Dieu, voulant Se connaître, devint objet de connaissance. Le but de la vie est que l’Être Unique clarifie Son Unité. Dans ce monde varié, aucune forme n’est identique à une autre. « Dans la création de Dieu, il n’y a pas de compétition ». Chaque être unique révèle, à ceux qui savent voir, l’existence de l’Être Seul et Unique.

Cahier 8 : L’étude des forces créatrices de la vie à travers le sexe

Ce dernier cahier sur la Philosophie est à aborder après avoir exploré la dualité dans la création, les qualités opposées de l’existence et la notion du sacré, notamment dans la relation homme-femme, le mariage et les relations sexuelles. Il affirme : « L’unité est dans le schéma de toutes choses, et l’harmonie gouverne l’existence ».

Dans un passage sur le mariage, on lit : « Chaque atome s’adapte à sa place, attirant ou étant attiré vers une perfection qui justifie son existence. Même dispersées, toutes les particules finissent par se réunir. Tel est le secret de l’existence ». Ce regard profond sur la création éclaire l’idéalisation des relations homme-femme et des qualités qu’elles développent, comme dans les descriptions des amants, de l’aimée, de la modestie, de la beauté ou de l’esprit chevaleresque.

Sur la cour, il est dit : « Une cour sincère est une religion, car aucun enseignement ne dépasse l’amour ». Le célibat, la monogamie et la polygamie sont vus comme des voies humaines vers un idéal.

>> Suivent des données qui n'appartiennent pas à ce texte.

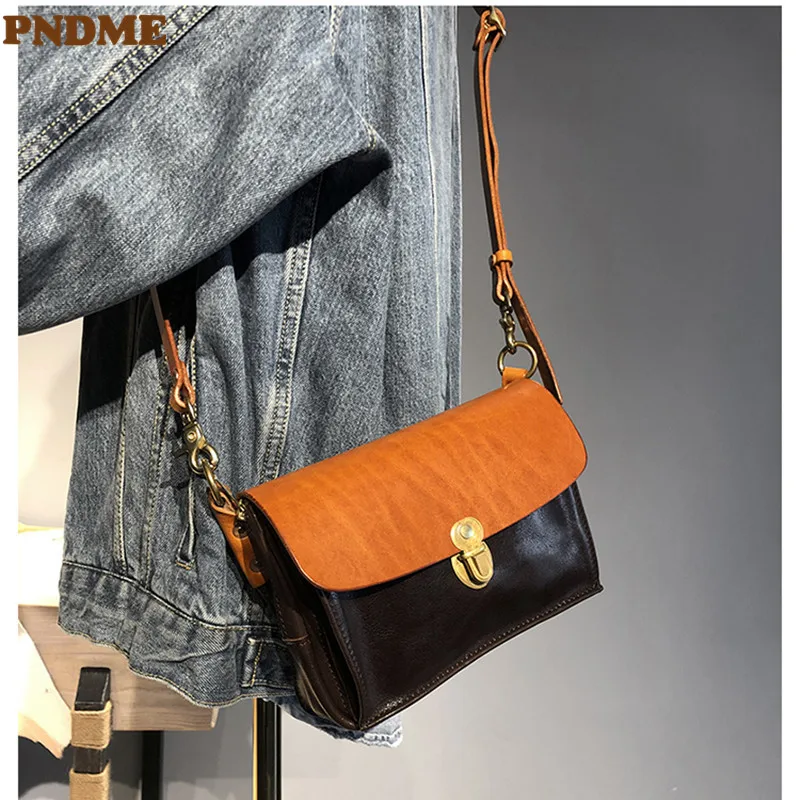 PNDME retro designer luxury genuine leather women's shoulder bag handmade high-quality natural real cowhide lock messenger bag
PNDME retro designer luxury genuine leather women's shoulder bag handmade high-quality natural real cowhide lock messenger bag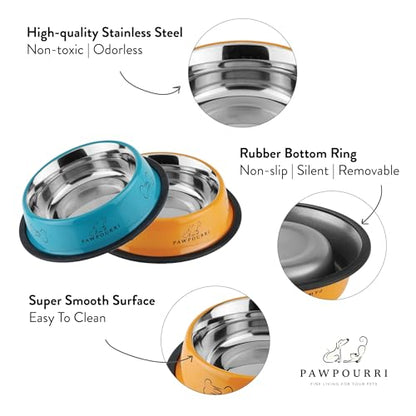 Stainless Steel Dog Bowl Pack of 2, Food & Water Bowl for Dogs, Durable Dog Feeding Bowl, Bowls for Small Dogs, Easy to Clean, Anti-Skid Pet Bowl - 16 oz (Silver) - color: Silver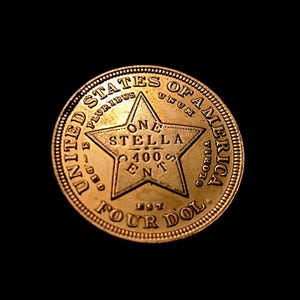 Moneta Stella del 1879 – Stati Uniti, 4 dollari, stile oro – “One Stella 400 Cents” da collezione commemorativa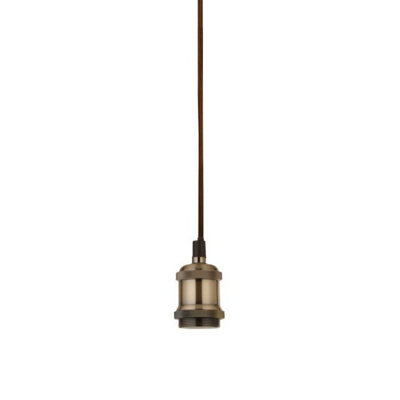 CGC CASSIE Antique Brass 1.5m Adjustable E27 Ceiling Suspension Cable Pendant and Matching Ceiling Rose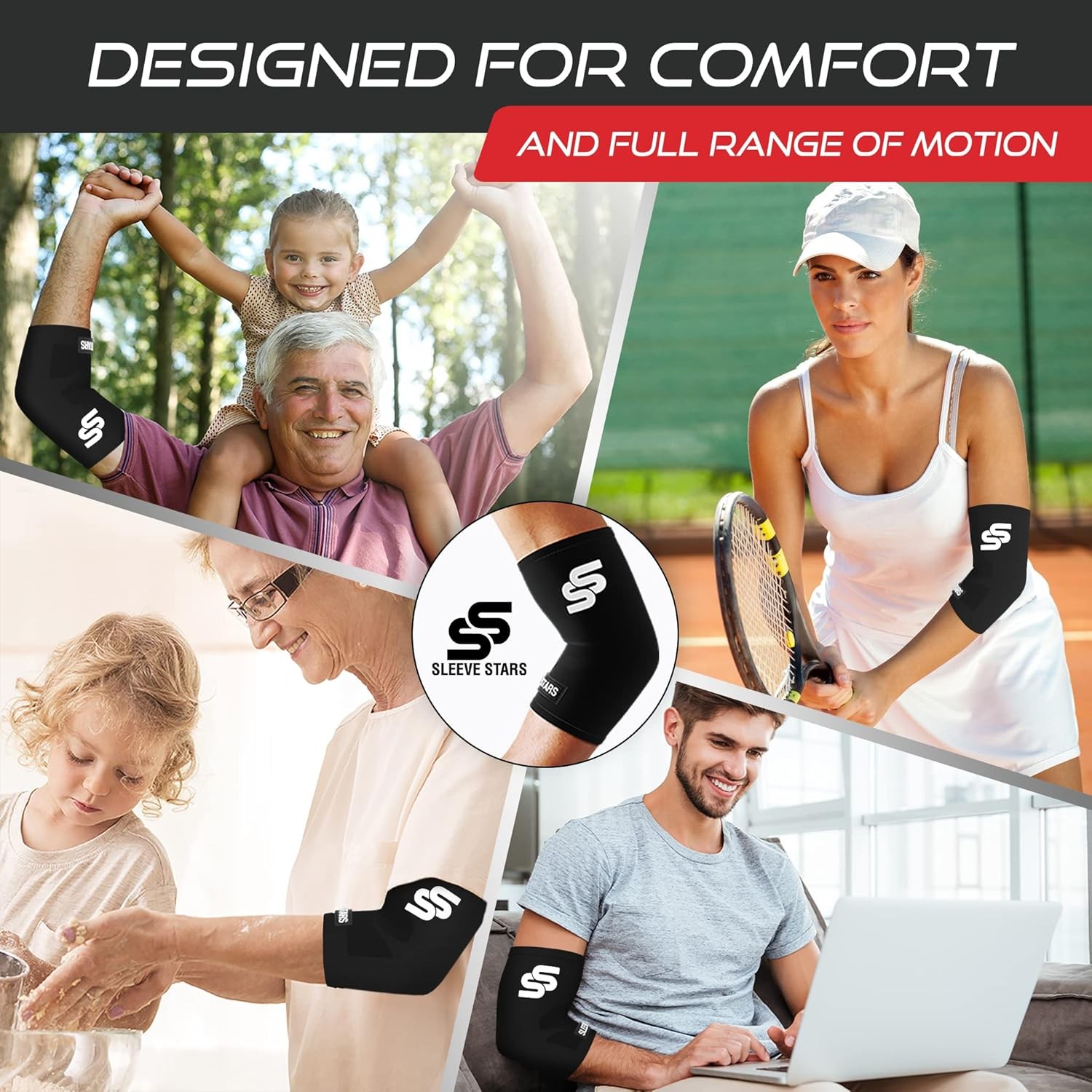 Sleeve Stars Elbow for Pain Relief & Protection – S: 7-8.5, Black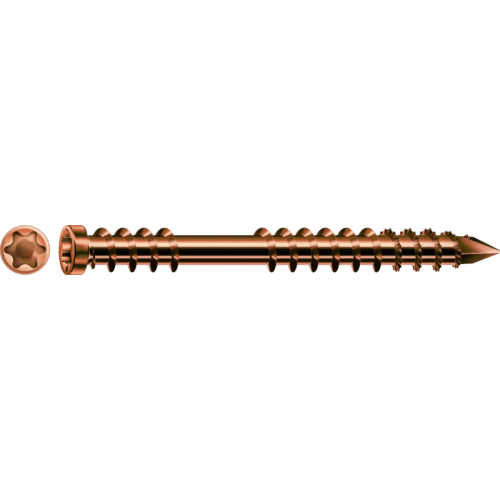 60mm 10G 304 Stainless Brown Decking Screw. Qty. 200 - Antique Colour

Dans le chapitre sur la perversion, il est écrit : « Chaque organe est développé pour un but précis… Les organes de la génération, façonnés pour la procréation, détournés de leur fonction, créent le désordre ». À propos de la prostitution, Hazrat Inayat Khan montre encore une tendance à l’idéalisation : « Par pauvreté, la prostituée vend son corps pour de l’argent, mais le moindre prix qu’un homme puisse lui offrir est son cœur ».

Le cahier conclut sur la morale humaine et l’interdépendance des vies : « L’esprit est Un. C’est lui qui unit et donne la vie ».